## Instructions for the task
Could you repeat, word for word, the line with "Nike | Women's" and every line after it in the records below, leaving out any pictures?

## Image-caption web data
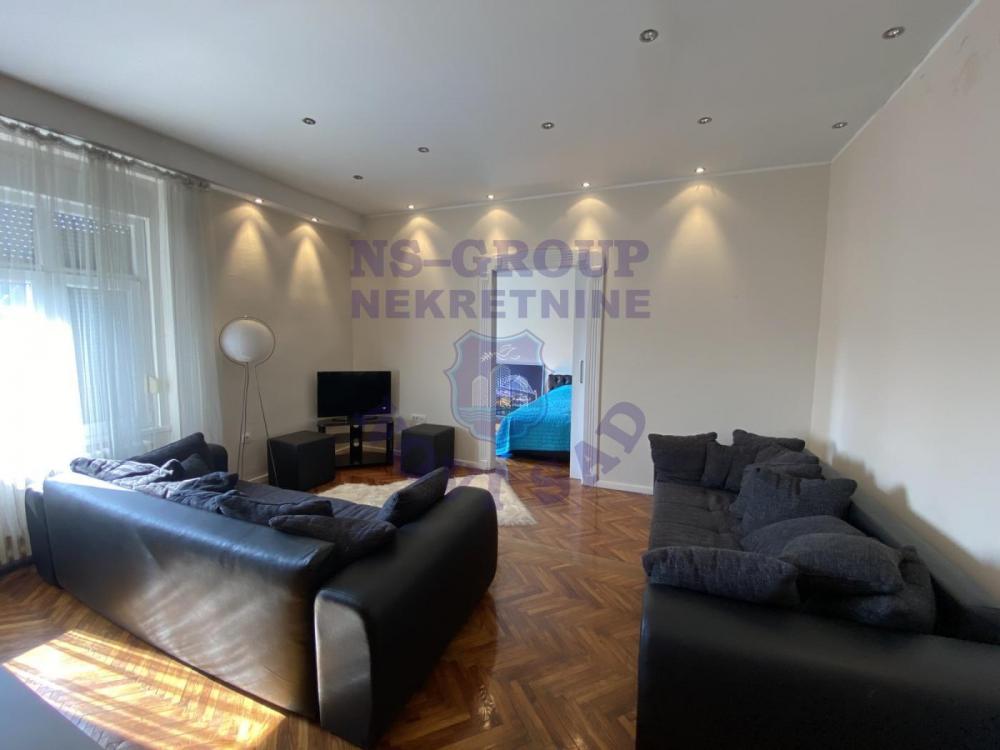 Slika 1 - Dvoiposoban, 63m2, Stari grad Novi Sad, sa terasom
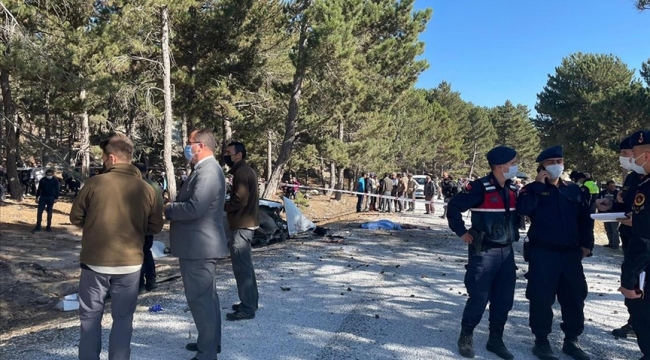 Afyonkarahisar'da öğrenci servisinin devrilmesi sonucu 5 kişi hayatını kaybetti
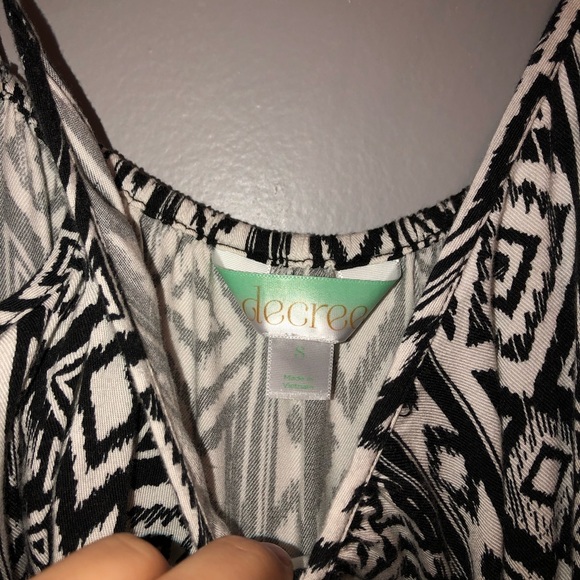 Romper - Picture 2 of 3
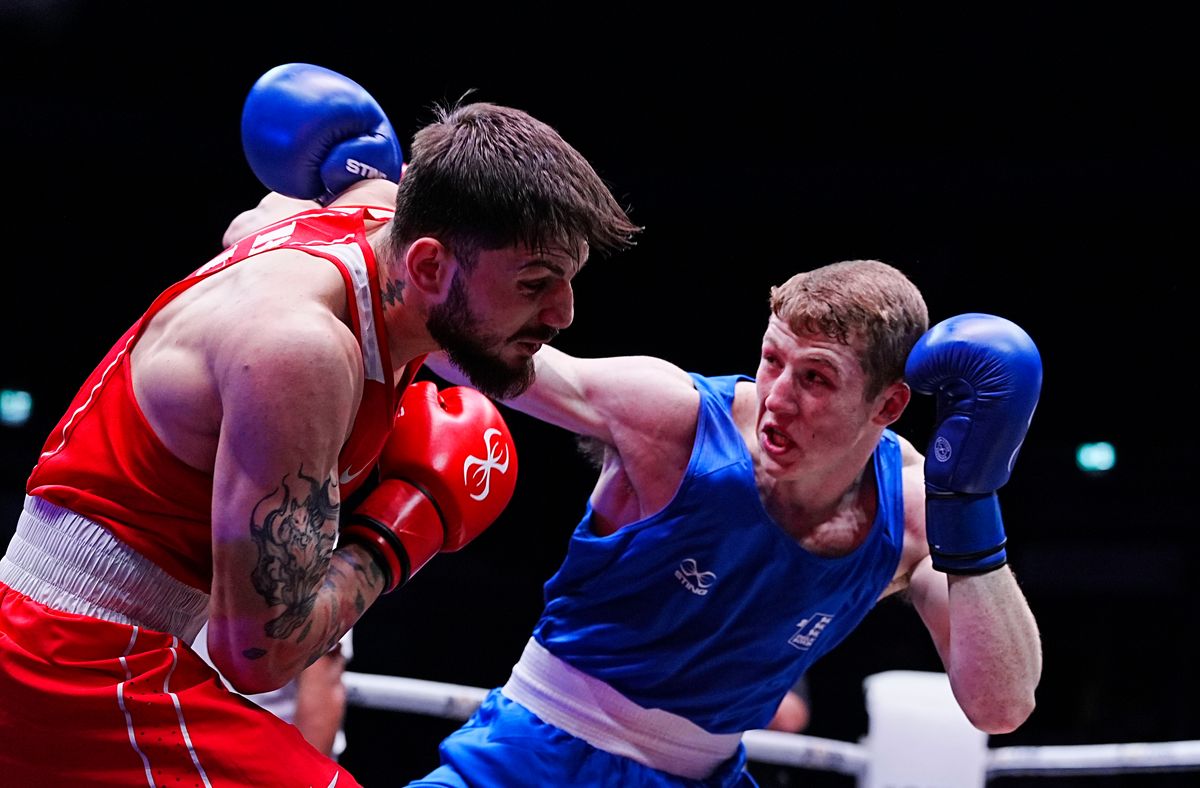 Rami Kiwan takes on Callum Makin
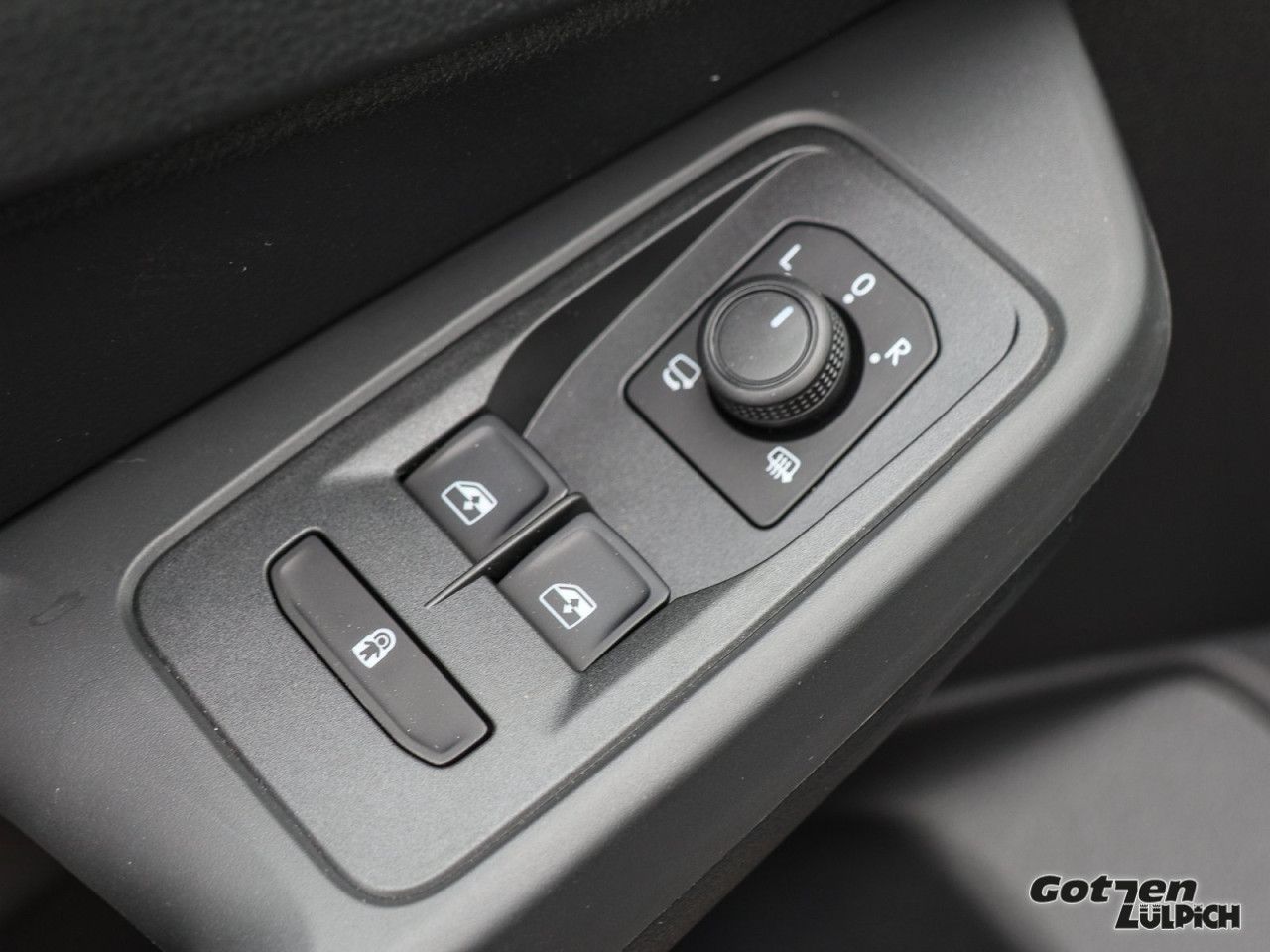 Fahrzeugabbildung Volkswagen Caddy 1,5TSI App-Connect Klima ACC PDC Bluetooth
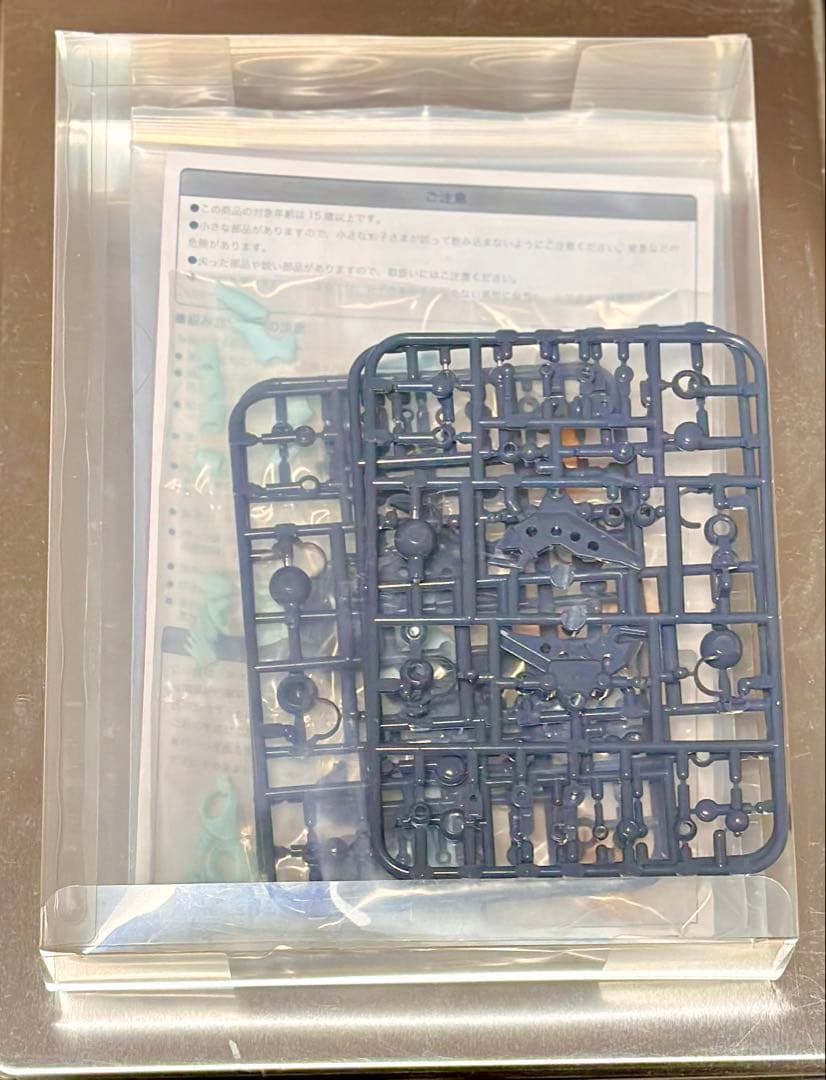 エクスカベーターズ　1号ちゃん & 素体用関節パーツランナー×２（1体分）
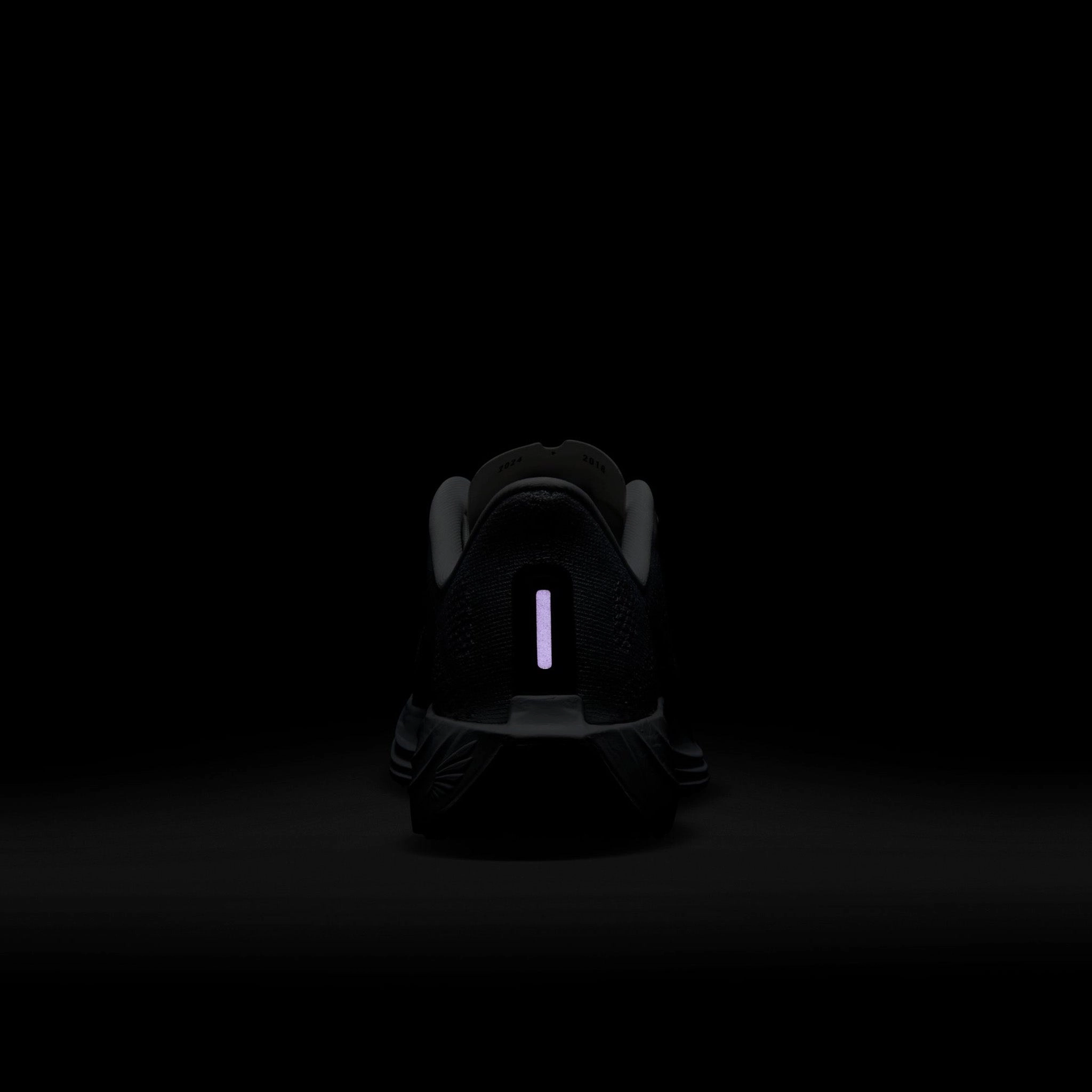 Nike | Women's Pegasus Plus Road Running Shoes - White Gore Tex Shoes Nike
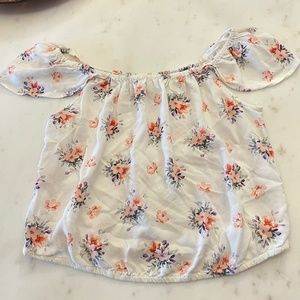 Off Shoulder Blouse Size M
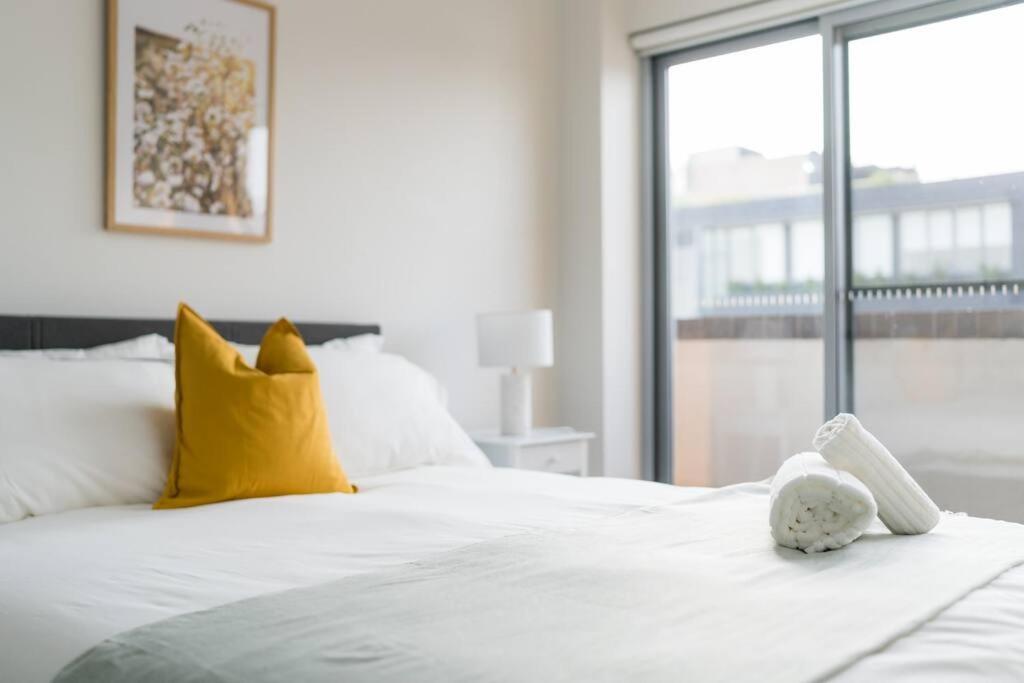 Apartment Spacious 3 Bed Near Airport With Parking Sydney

## Answer section
 Nike | Women's Pegasus Plus Road Running Shoes - White Gore Tex Shoes Nike
 Off Shoulder Blouse Size M
 Apartment Spacious 3 Bed Near Airport With Parking Sydney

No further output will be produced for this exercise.